As a custom home builder located on the Windward side of Oahu, we often work in Kailua, Lanikai, Maunawilli, Waimanalo, and Honolulu. Recent homes we’ve built include new constructions in Kahala, Hawaii Loa Ridge, Hawaii Kai, renovations in Manoa, Diamond Head, Kaimuki, and light commercial work in Waikiki.
Living in Hawaii, which is prone to hurricanes and tropical storms, it is a smart idea to have a hurricane safe room installed in your home. Even though we haven't had a hurricane hit since 1992, Hurricanes regularly come close to our shores. It's always best to make sure you are prepared for the worst.
Older Hawai'i homes that were constructed using the single wall method, typically haven't endured a hurricane since their construction. Unless they have been retrofitted, they are vulnerable to structural collapse under a hurricane's high wind pressure and wind borne debris impacts. As a general rule, homes on Oahu should consider having safe rooms if they were built before the late 1980's.

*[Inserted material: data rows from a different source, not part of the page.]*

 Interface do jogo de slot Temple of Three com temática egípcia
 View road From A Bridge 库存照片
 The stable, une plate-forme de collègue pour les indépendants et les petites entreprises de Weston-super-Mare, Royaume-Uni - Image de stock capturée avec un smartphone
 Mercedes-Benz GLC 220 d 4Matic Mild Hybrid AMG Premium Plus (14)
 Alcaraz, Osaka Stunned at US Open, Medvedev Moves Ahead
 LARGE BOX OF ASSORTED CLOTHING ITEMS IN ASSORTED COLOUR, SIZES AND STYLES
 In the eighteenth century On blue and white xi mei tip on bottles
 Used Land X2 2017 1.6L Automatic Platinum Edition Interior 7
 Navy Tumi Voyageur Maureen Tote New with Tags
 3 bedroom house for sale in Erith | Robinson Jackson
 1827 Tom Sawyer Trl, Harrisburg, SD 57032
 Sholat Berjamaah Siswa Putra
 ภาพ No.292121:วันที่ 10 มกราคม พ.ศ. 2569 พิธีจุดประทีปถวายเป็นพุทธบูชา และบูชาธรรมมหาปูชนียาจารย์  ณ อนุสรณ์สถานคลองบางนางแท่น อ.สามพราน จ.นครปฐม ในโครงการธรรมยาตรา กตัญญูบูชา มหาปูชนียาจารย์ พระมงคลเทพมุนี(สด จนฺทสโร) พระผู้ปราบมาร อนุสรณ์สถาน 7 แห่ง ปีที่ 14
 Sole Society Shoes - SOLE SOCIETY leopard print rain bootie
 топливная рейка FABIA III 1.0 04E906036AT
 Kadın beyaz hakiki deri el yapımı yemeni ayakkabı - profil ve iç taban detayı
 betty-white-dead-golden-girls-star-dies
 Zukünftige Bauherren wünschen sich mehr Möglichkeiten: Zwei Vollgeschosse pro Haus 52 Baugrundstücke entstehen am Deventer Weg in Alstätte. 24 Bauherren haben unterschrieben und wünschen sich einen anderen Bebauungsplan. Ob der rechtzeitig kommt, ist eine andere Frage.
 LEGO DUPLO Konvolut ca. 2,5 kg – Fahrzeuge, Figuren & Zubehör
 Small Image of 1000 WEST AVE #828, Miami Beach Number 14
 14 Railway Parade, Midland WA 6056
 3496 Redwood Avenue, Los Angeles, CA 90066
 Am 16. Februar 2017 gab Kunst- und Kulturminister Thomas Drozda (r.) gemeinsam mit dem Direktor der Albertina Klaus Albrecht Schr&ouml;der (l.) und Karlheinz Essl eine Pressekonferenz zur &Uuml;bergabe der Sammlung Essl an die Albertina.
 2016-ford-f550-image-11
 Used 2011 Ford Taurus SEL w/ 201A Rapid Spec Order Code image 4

The first thing to do before constructing your safe room is to check if your home is in a hurricane evacuation zone or an area prone to flooding. A safe room will not protect against the dangers of flooding. If you are not located in one of these areas, here are some things you should have in mind when designing a safe room. It should be located in the interior of the structure, as close to the center as possible and have no outside walls. It should be large enough to store emergency supplies as well as fit family members and pets.
Depending on the event you are preparing for these are space requirements to consider for residential one-and two-family dwellings: 7 square feet per person, and 40 square feet per bed ridden person
After deciding an appropriate size, now it's time to think about if you are going to install the safe room in an existing home or as a separate building. If building inside an existing home, the most convenient location is the basement. Since we are in Hawaii and basements are not plentiful, placing a safe room on the first floor interior of a building will work, as long as it's supported by interior walls. A major benefit of building a safe room within a home or garage is that it allows those inside to get to safety without having to go outside in the weather. One safety measure that comes with building a safe room in an existing building is that it has to be weighed against the challenge of retrofitting the building. The cost according to FEMA, of a 64 square foot room of their design ranges from $6,600-$9,000. A 200 square foot room ranges from $12,000-$14,500. Keep in mind that these are national averages, and are based on modifying an already existing room. Altering the structure of your home to add a safe room will have higher costs.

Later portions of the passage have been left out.